Determined to make Nigeria harness the opportunities and benefits of the African Continental Free Trade Agreement (AfCFTA), the Standards Organisation of Nigeria (SON) has unleashed new standards for agricultural produce.
Apart from getting local products ready for export, the agency is equally prepared to curb the rather high level of rejections faced by the nation’s agro products at the international markets.
The concerted efforts are geared towards making locally made products especially agricultural commodities acceptable and competitive particular in intra- African trade.
The Director General, SON, Mallam Farouk Salim, stated these on the sidelines of the visit of SON Governing Council members to audit SON’s facilities in Ogba area of Lagos recently.According to him, most of the times when Nigerian goods are rejected, it is due to failing to go through standard procedures locally before exporting to other countries, saying that as long as exporters continue to ignore local available standards, their products would not sail through global market.
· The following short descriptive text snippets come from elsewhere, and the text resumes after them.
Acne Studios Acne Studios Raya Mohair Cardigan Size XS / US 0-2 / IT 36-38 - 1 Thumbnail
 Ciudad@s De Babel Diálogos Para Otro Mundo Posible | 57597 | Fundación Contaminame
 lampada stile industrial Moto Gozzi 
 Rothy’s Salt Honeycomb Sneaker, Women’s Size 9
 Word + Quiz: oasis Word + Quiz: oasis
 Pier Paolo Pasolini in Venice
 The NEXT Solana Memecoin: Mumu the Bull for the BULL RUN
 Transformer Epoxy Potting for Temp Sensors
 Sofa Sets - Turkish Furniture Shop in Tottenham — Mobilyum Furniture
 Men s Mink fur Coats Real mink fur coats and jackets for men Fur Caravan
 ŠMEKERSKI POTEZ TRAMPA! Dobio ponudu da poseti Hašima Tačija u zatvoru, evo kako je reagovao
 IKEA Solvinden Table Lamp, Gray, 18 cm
He added: “Exporters do not check the standards of the country they are exporting to, so, as long as our exporters ignore our standards, they will still have their products rejected, but if they follow the procedures, we are here to partner and assist them to make sure that their products are accepted globally.
“If the exporters come to us and they follow the product standards of our country and the standards of the country they are exporting to, then, they should not have problems.”
He added that the standards that have been approved were painstakingly developed through stakeholders’ inputs and considerations, pointing out that it was an indication that standards body has been working very hard to ensure that locally made products in this country are not only up to standards, but produced for export.
“In December, we will have another council meeting to approve new standards. Every standard we put out there is strategic to AfCFTA, because when we establish our standards, it is expected for people who are expecting our goods to look at the standards and then know that the products approved are up to standards. So really, that is a guideline for everything you can think of,” he said.
The SON boss declared: “Some of the standards approved have to do with hair and now that people in that line of business now knows that there is a standard for that kind of product in the market. We have standards for food and feed. Anyone who is planning to go into fish farming can always come to us to get this standard to start their fish farming business. The reason why we develop standards is that when we are shipping products from Nigeria to other country, you have a stamp on it and for the person receiving this product would see the sign of quality on the products and also realise that the product is meeting the set standards.”
He noted that standards are really important and critical for the agency as part of the efforts to protect unsuspecting consumers from sub-standard goods.
In his words, “The food standards are very important especially for the fish feed standards that we have depending on the kind of fish to be bred in your fish farm. You can use the standards to mix your own fish feed and it means you do not have to import the fish feeds. The same thing you have for poultry. The standards are out there whether you are out to boost meat production or egg laying. The same for cattle either for milk or meat production.”
Earlier, the Chairperson, SON Governing Council, Mrs. Evelyn Ngige, said a total of 37 new standards has been unveiled to boost Nigeria’s industrial development.
She explained that three out of the 37 new standards were reviewed; eight were newly developed while 26 have been adopted for the existing international standards.
According to her, the approved standards, which cut across various sectors of the Nigerian economy are in line with the approved Nigerian Industrial Standardisation Strategy which focuses on stakeholders and market demands for optimisation of available resources.
She noted that 10 of the standards are developed for chemical technology in particular for plastic piping products, thermoplastic pipes, human and synthetic hair extension.